The anonymity, however, doesn't bother Kirkland.
"There's nothing, really, you can do about that," he said. "We've always just been about promoting our music and not ourselves. It's not like, say, Marilyn Manson, (who) to a lot of people they may be able to relate to the name but they won't be able to relate to a song or music (of his) they've heard.
"It's the opposite of us. You start to mention our music (to non-fans) and songs we've done and it's, 'Oh yeah, yeah, I remember them.' But the name doesn't stick with them. I think making the music in our minds is more important to us than some sort of shock value with our name or getting popular individually."
Record fans
The Crystal Method's new album, "Tweekend," the band's second effort, may provide the group the mainstream popularity it's missed so far. An amalgam of funky rhythm, ambient swirls, pulsing backbeat and hard-edged rock, the disc is, as Kirkland described, "darker and heavier" than anything the duo's recorded before.
"I definitely think it's a more mature Crystal Method album," he said.
It's also very accessible -- and not just to the club crowd.
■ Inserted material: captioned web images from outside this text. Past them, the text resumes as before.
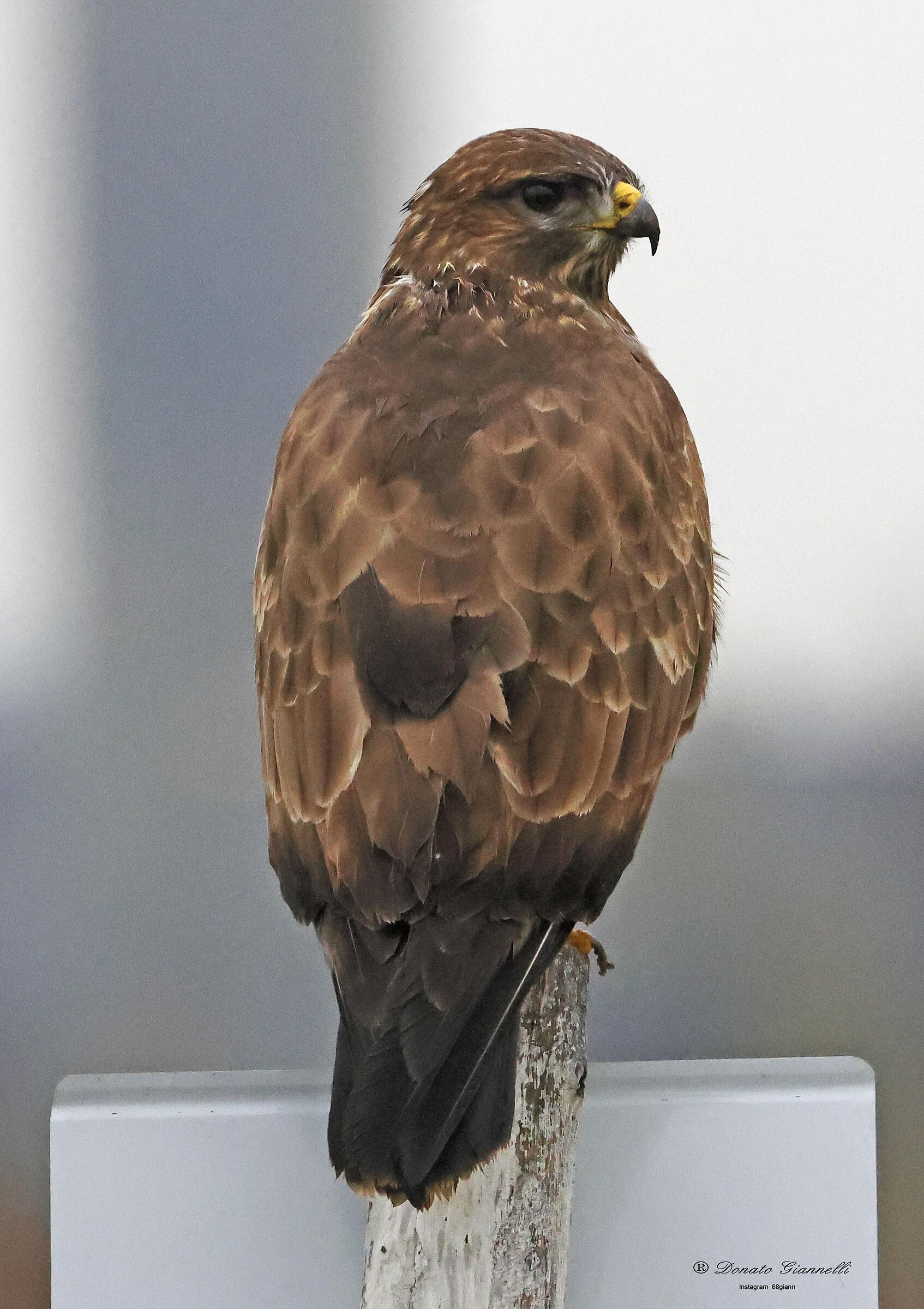 Buzzard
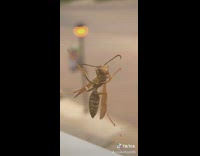 Bug on window does renegade dance 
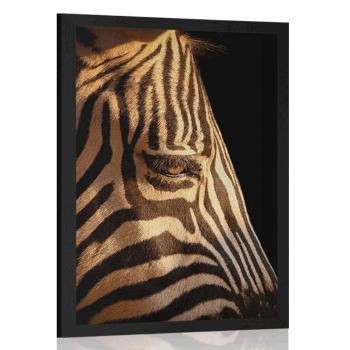 Plakat portret zebry - 30x45 black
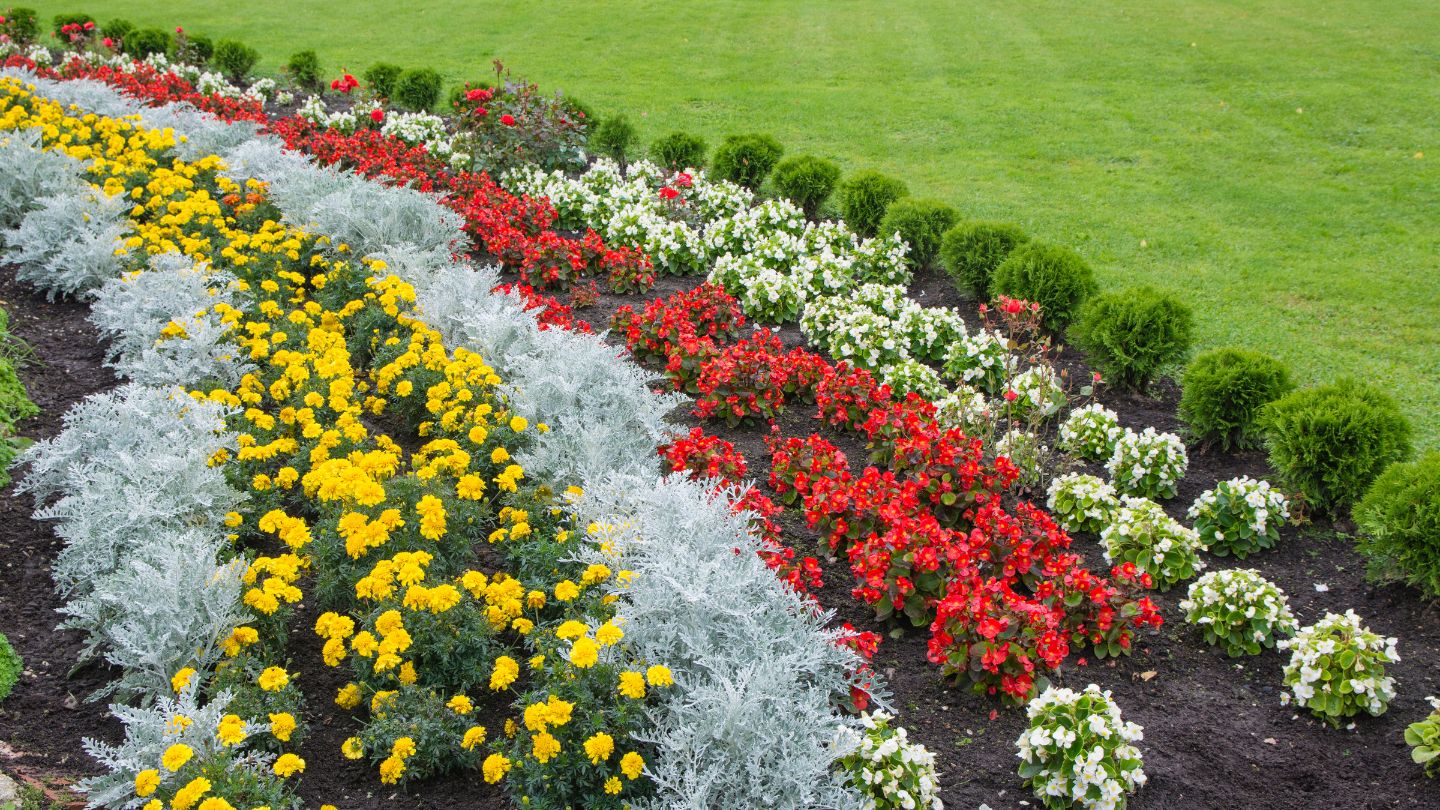 Types of Mulch for Flowerbeds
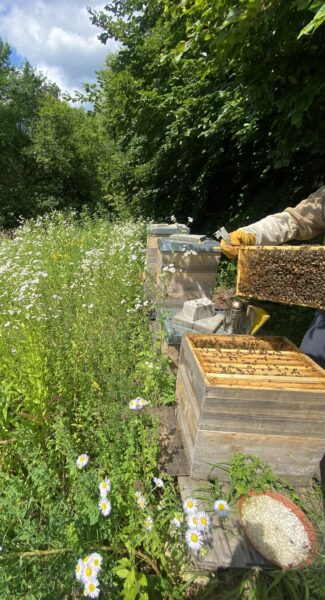 Imkerei Sabine Janson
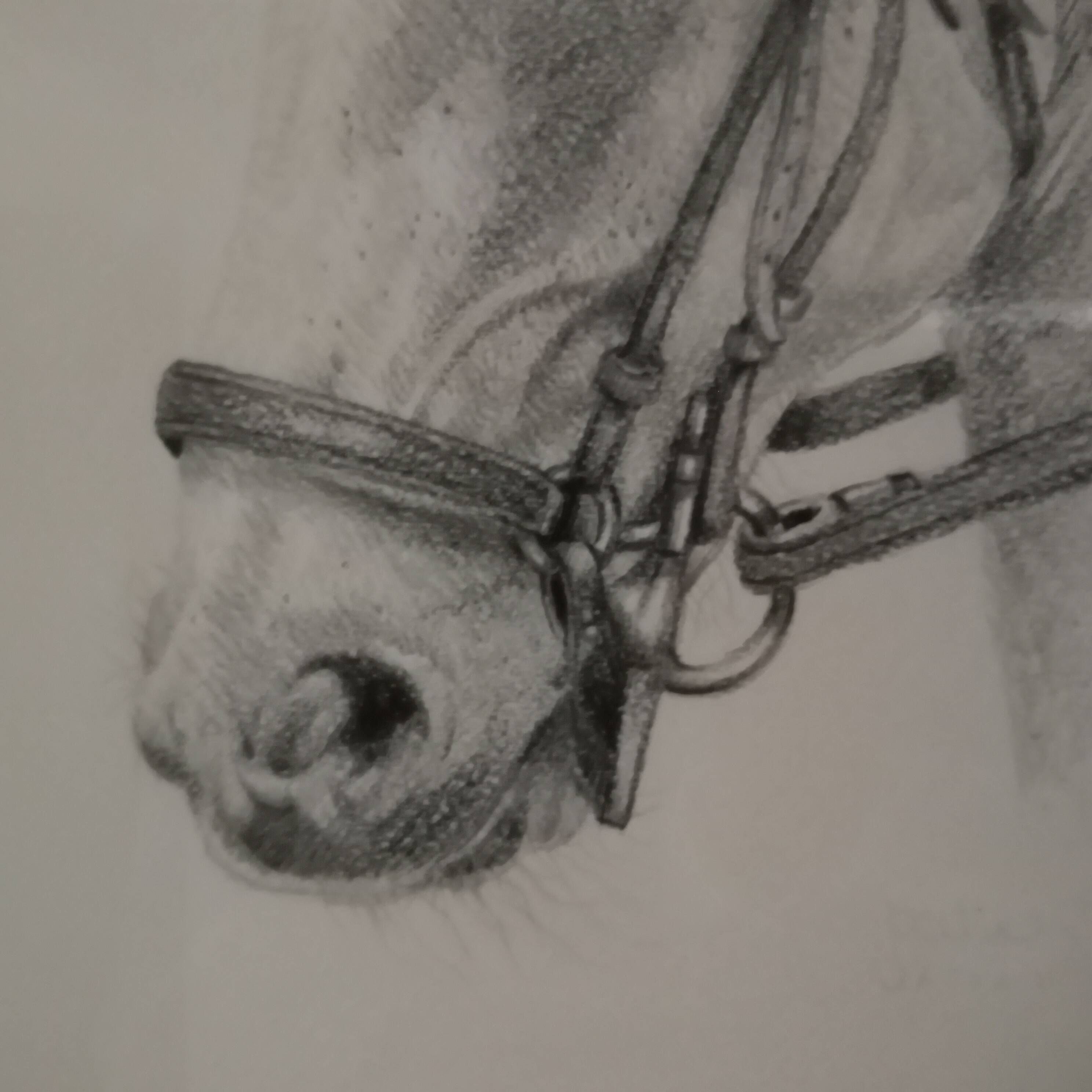 Pencil wash drawing on vellum horse painting signature to identify framed signed and dated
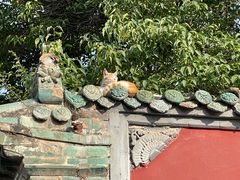-塔尔寺菩提树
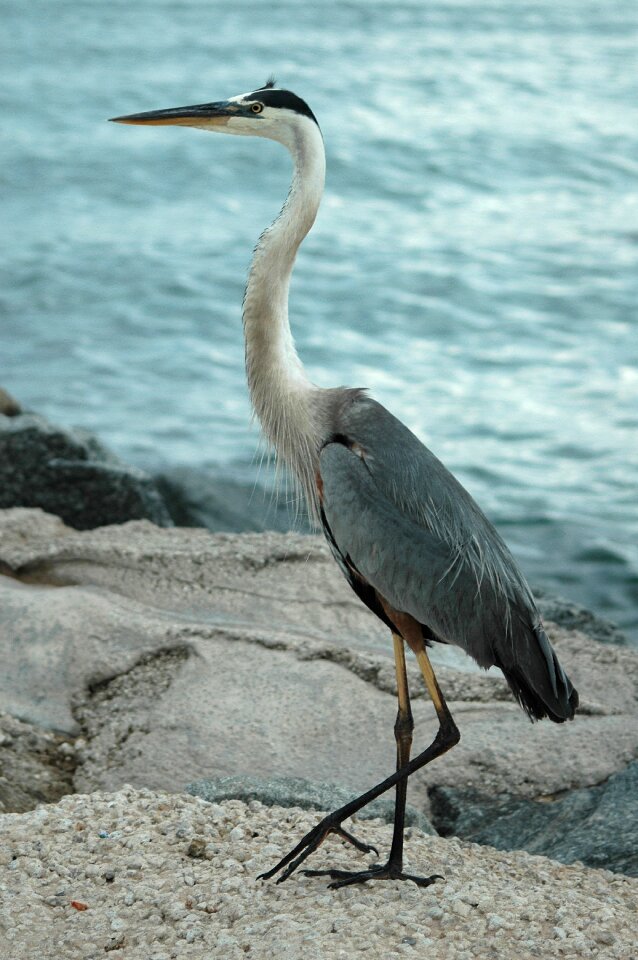 Bird avian wildlife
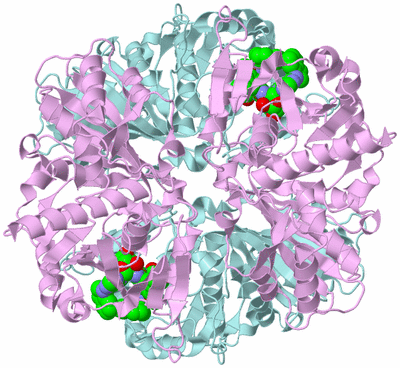 Image Biological Unit 2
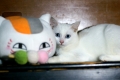 今日のみゅー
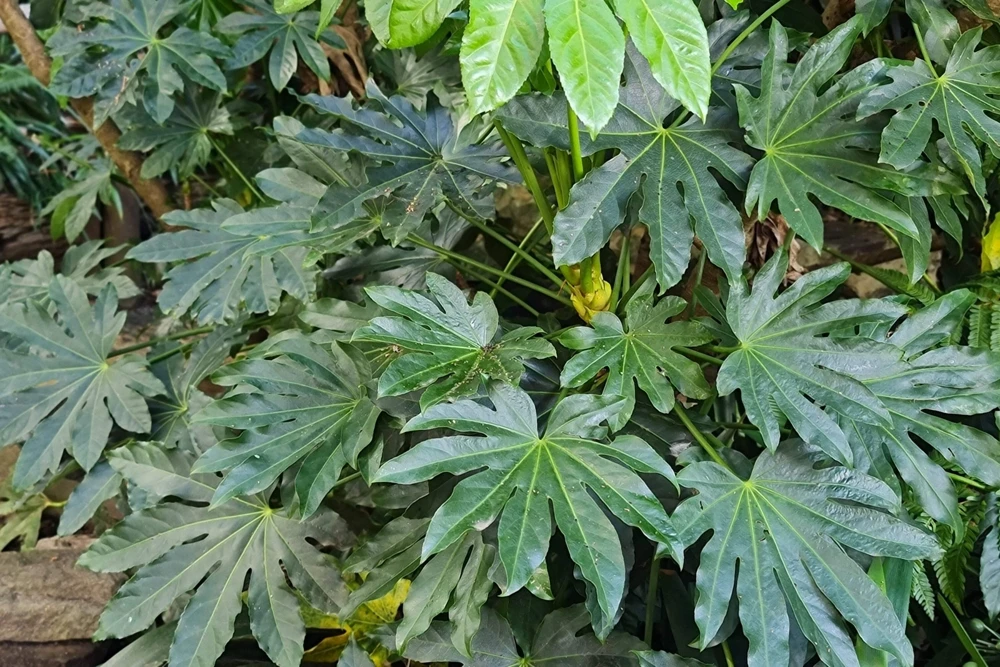 10 Japanese Fatsia Seeds - Aralia Japonica Paperplant Shrub Flower - Image 13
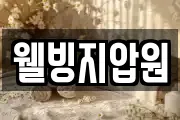웰빙지압원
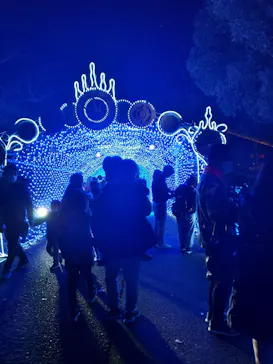 ひらかたパークに投稿された画像（2021/12/11）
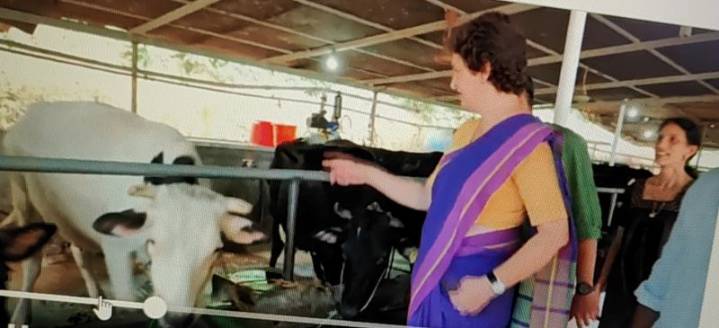 When Priyanka Gandhi Met ‘Alia Bhatt’ At Dairy Farm In Kerala!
For example, the soon-to-be-a-single "Murder," features Stone Temple Pilots' Scott Weiland on vocals and guitar.
"My uncle Charlie, who's eight years older than me, when I played that song for him over the Christmas holiday, he just gravitated toward that one," Kirkland said. "And he is a hardcore rock guy."
Further rock 'n' roll influences can be found on "Tweekend" as well, especially the four tracks on which Rage Against the Machine guitarist Tom Morello played on and/or co-produced.
"One thing we're not afraid of is expressing our rock background," said Kirkland, who, at one point in the early '80s, took guitar lessons from fellow Las Vegan Mark Slaughter of metal band Slaughter.
"(This) turns a lot of electronic people upside down. To a lot of electronic people, the rock world is the antichrist. It's like the thing that electronic (music) society should steer away from," he said. "But it's such a ridiculous concept."
Kirkland blames that close-minded mentality on the failure of electronic music to live up to some expectations as the "future of music." Ironically, it was the same narrow-mindedness that rock music displayed -- an inability to expand -- that made electronica more popular, he said.
"We've never been purely techno or purely breakbeat -- we've always been part of a movement that is just making music that we're into and we like," Kirkland said. "We'll always continue to do that and to try and reach a different audience."
Still, even he acknowledged there are limitations to the band's across-the-board popularity.
"I remember when Slaughter came back to (Las Vegas) a while back, in '90 or '91, they were given the key to the city," Kirkland said. "I don't know if we'll be given the key to the city when we come back. But we'll be more than happy to accept anything the city is willing to offer us -- except a night in the Clark County (jail)."